So far, impressive! It was amazing to see how much respect the team had not only for the animals in their care and the surrounding areas but for the women from their communities.
We then headed off to the kitchen to watch them mix the elephants’ individualised formulas. Each elephant has its own combination of milk formula and other nutrients like moringa powder and even porridge! The vet on duty designs their food daily based on their age, their current condition, and what they would naturally be getting from their diets in the wild.
I was mesmerised by the efficiency in which they worked- adding pre-measured powders to water, stirring them with a long stick and finally decanting the mixture into oversized milk bottles lined up on the table.
I checked my watch, only five minutes to go before the ‘herd’ would arrive for their noon feed. The team were assembling in the elephant ‘boma’ (enclosure), ready.
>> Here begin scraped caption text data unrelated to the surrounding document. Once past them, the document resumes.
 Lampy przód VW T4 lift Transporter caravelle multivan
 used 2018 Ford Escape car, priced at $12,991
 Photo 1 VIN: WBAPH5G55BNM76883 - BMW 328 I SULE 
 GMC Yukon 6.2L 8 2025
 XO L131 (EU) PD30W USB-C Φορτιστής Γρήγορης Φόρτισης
We stood on a platform, overlooking the enclosure, cameras poised.
Wow. The calves trundled towards their keepers and downed the milk, almost in one! It was so special to share this intermate moment between humans and elephants. They limit the number of visitors, so you feel like you are part of a select few who get to witness these little ones feeding and playing. I could have stayed for hours watching the ellies interact with each other and their keepers.
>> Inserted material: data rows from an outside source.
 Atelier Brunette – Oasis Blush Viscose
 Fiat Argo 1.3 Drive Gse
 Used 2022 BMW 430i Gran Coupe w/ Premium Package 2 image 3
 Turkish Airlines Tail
One of the older looking elephants was due to be released back into the wild shortly. I watched him, wondering how he would get on in the big world. He bashed into his keeper, making him laugh. At least, the Reteti team would always have his back.
I cannot recommend this visit enough. We headed off to enjoy our picnic lunch in the shade of a huge rock with an extra-ordinary painting of a bull elephant. We had smiles on our faces and a belief that there is hope for the planet and its precious wildlife.